The gas may be produced by thermal decomposition of the electrolyte
solution, for example.
[0058] Because the module case 10 is sealed, internal pressure of
the module case 10 is increased by generation of the gas in the
module case 10. Once the internal pressure of the module case 10
reaches working pressure of the valve 12d, the valve 12d is shifted
from a closed state to an open state. Once the valve 12d is shifted
into the open state, the gas that exists in the module case 10
passes through the valve 12d and moves outside the module case
10.
[0059] In this embodiment, a valve of a so-called destructive type
is used as the valve 12d. More specifically, the lid 12 is engraved
to form the valve 12d of the destructive type. The valve 12d of the
destructive type is irreversibly shifted from the closed state to
the open state and thus cannot return to an original state. It
should be noted that the valve 12d provided in the lid 12 is not
limited to the destructive type and a valve of a so-called return
type can be used. The valve of the return type is reversibly
shifted between the closed state and the open state according to
the internal pressure of the module case 10. The valve of the
return type can be configured by a plug that blocks a passage of
the gas and a spring that presses the plug against the passage of
the gas.
[0060] The lid 12 has an opening 12e to allow the pin 31d to
penetrate. An insulating layer is also provided between the pin 31d
and the opening 12e, and the pin 31d and the lid 12 are brought
into the insulated state. The pin 31d that penetrates the opening
12e is connected to a terminal lead 61. The terminal lead 61 has an
opening 61a that allows the pin 31d to penetrate, and the pin 31d
that penetrates the opening 61a is fixed to the terminal lead 61 by
caulking. The terminal lead 61 is supported by a base 71, and the
base 71 is formed with an opening 71a that allows the pin 31d to
penetrate.
[0061] The base 71 is formed of an insulating material. Because the
base 71 is disposed between the terminal lead 61 and the lid 12,
the terminal lead 61 and the lid 12 can be in the insulated state
by using the base 71 that is formed of the insulating material. The
base 71 supports both of the terminal lead 61 and an intermediate
terminal 51. Because the base 71 is disposed between the
intermediate terminal 51 and the lid 12, the intermediate terminal
51 and the lid 12 can be in the insulated state. The intermediate
terminal 51 is connected to the terminal lead 61, and the terminal
lead 61 is formed with an opening 61b that allows the intermediate
terminal 51 to penetrate.
[0062] The lid 12 has an opening 12f that allows the pin 32b to
penetrate. The pin 32b that penetrates the opening 12f is connected
to a terminal lead 62. The terminal lead 62 has an opening 62a that
allows the pin 32b to penetrate, and the pin 32b that penetrates
the opening 62a is fixed to the terminal lead 62 by caulking. The
terminal lead 62 is supported by a base 72, and the base 72 is
formed with an opening 72a that allows the pin 32b to
penetrate.
[0063] The base 72 is formed of an insulating material. Because the
base 72 is disposed between the terminal lead 62 and the lid 12,
the terminal lead 62 and the lid 12 can be in the insulated state
by using the base 72 that is formed of the insulating material. The
base 72 supports both of the terminal lead 62 and a positive
electrode terminal 52. Because the base 72 is disposed between the
positive electrode terminal 52 and the lid 12, the positive
electrode terminal 52 and the lid 12 can be in the insulated state.

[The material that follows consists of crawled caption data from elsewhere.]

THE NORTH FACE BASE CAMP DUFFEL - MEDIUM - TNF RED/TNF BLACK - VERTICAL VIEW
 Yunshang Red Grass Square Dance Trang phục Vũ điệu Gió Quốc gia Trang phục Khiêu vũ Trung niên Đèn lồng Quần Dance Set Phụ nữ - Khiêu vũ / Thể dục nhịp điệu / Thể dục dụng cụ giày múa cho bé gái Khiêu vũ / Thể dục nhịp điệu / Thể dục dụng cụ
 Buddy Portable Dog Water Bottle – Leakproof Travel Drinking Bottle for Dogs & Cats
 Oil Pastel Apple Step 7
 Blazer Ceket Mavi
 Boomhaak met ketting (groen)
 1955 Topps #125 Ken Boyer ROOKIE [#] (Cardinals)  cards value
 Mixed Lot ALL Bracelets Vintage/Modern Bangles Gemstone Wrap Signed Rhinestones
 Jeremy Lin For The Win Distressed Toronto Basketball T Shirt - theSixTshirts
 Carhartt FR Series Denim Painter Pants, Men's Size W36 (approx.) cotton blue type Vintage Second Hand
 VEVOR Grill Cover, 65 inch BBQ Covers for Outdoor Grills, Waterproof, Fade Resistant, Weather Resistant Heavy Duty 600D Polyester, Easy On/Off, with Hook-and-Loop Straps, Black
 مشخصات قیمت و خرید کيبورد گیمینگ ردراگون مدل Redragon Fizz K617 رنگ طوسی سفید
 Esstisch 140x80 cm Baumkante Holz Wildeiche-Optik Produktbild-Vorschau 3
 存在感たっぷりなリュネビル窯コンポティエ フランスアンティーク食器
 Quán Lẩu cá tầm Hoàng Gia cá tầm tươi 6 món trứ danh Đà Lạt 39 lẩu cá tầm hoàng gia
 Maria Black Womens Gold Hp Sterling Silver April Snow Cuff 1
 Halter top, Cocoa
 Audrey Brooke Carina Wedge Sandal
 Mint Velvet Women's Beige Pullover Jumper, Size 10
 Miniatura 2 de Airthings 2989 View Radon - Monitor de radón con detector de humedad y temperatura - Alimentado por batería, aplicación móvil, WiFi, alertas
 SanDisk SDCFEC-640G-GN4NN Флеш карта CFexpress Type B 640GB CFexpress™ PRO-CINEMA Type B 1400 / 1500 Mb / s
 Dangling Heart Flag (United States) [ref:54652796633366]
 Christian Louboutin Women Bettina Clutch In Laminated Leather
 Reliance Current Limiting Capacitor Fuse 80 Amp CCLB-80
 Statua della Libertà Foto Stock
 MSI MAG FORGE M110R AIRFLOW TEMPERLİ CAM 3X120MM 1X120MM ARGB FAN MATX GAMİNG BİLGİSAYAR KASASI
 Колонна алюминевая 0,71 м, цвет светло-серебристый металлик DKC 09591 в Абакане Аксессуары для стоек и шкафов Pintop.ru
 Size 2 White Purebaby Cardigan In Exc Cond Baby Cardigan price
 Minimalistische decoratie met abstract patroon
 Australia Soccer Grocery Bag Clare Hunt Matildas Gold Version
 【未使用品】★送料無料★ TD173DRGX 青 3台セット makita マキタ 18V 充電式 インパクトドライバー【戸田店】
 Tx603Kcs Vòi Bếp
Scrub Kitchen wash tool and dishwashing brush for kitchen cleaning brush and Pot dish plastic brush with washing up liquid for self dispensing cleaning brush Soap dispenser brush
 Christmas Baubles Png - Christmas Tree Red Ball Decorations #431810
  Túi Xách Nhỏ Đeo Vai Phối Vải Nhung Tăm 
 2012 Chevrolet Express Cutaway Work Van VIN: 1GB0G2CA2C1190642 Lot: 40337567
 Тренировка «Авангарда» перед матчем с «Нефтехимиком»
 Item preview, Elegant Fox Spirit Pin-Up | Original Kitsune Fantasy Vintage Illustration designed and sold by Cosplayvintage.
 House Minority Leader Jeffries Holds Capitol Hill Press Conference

The positive electrode terminal 52 is connected to the terminal
lead 62, and the terminal lead 62 is formed with an opening 62b
that allows the positive electrode terminal 52 to penetrate.
[0064] The lid 12 has an opening 12g that allows the pin 33b to
penetrate. The pin 33b that penetrates the opening 12g is connected
to a terminal lead 63. The terminal lead 63 has an opening 63a that
allows the pin 33b to penetrate, and the pin 33b that penetrates
the opening 63a is fixed to the terminal lead 63 by caulking. The
terminal lead 63 is supported by a base 73, and the base 73 is
formed with an opening 73a that allows the pin 33b to
penetrate.
[0065] The base 73 is formed of an insulating material. Because the
base 73 is disposed between the terminal lead 63 and the lid 12,
the terminal lead 63 and the lid 12 can be in the insulated state
by using the base 73 that is formed of the insulating material. The
base 71 supports both of the terminal lead 63 and a negative
electrode terminal 53. Because the base 73 is disposed between the
negative electrode terminal 53 and the lid 12, the negative
electrode terminal 53 and the lid 12 can be in the insulated state.
The negative electrode terminal 53 is connected to the terminal
lead 63, and the terminal lead 63 is formed with an opening 63b
that allows the negative electrode terminal 53 to penetrate.
[0066] A surface of the lid 12 to which the terminals 51 to 53 are
attached faces an upper side of the battery module 1. In other
words, the terminals 51 to 53 are provided on a surface of the
module case 10 that faces a same direction.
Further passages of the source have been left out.